Sometimes you look at things and wonder, how in the world did anyone come up with that? That is how it is with bulletproof glass. When you think of glass, you think of a breakable substance that shatters easily and can send jagged shards from one end of the room to another. More people have cut themselves cleaning up the mess than can be counted. Then you consider the bulletproof glass, it looks identical to the original glass, yet looks is where it’s similarities end. The components of bullet proof glass is nothing like regular glass.
There are numerous ways to make this shatter less glass, and companies around the globe are always finding ways to make it more effective. It is completely see through, yet made of components that make it impossible to penetrate. The manufactures of bulletproof glass use different variations of chemical products to come up with similar results. There are several options when it comes to how to produce this life saving glass. Polycarbonate (polycarbonate resin thermoplastic), a tough transparent plastic, also known as Lexan is one of the most common. It was discovered in 1953 by GE chemist Dr. Daniel Fox while working on a wire coating. In the same year a German doctor applied for a patent on a virtually identical molecule, but Dr. Fox is credited with the discovery.

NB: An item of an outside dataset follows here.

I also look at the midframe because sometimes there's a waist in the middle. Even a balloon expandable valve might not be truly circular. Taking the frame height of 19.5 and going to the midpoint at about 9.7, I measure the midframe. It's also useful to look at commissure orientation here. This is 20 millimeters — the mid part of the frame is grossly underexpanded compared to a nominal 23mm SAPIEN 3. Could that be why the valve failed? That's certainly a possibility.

Although Lexan looks similar to another clear substance, Acrylic, the Lexan is much more durable. This material is actually layered between pieces of regular glass to create the bullet resistant glass. This process is called lamination. The resistance is based on how many layers of Lexan are laminated with the glass. A bullet fired at a sheet of bulletproof glass will penetrate the first layer of the glass, but the rubber like substance will prevent it from escaping the final layer. Depending on how thick the piece of bulletproof glass is, determines how much it can deter. A rifle bullet, for example, has more force than a handgun bullet. Therefore, to “catch” a rifle bullet the glass needs to be thicker than to “catch” a handgun bullet, or series of bullets. When you consider the energy of a fired bullet, the thought of it being absorbed in a glass like substance is quite amazing. Considering other applications of Lexan helps bring the durability into focus. Lexan is used in racing cars to replace heavier and breakable glass windshields and windows. Race cars travel at speeds exceeding 200 mph. That’s a lot of force! It is also used in the aerospace industry for aircraft canopies, and other aircraft items. On an interesting note, it is also used by Apple Computer in the iBook and iPod (the gleaming white plastic is GE Lexan).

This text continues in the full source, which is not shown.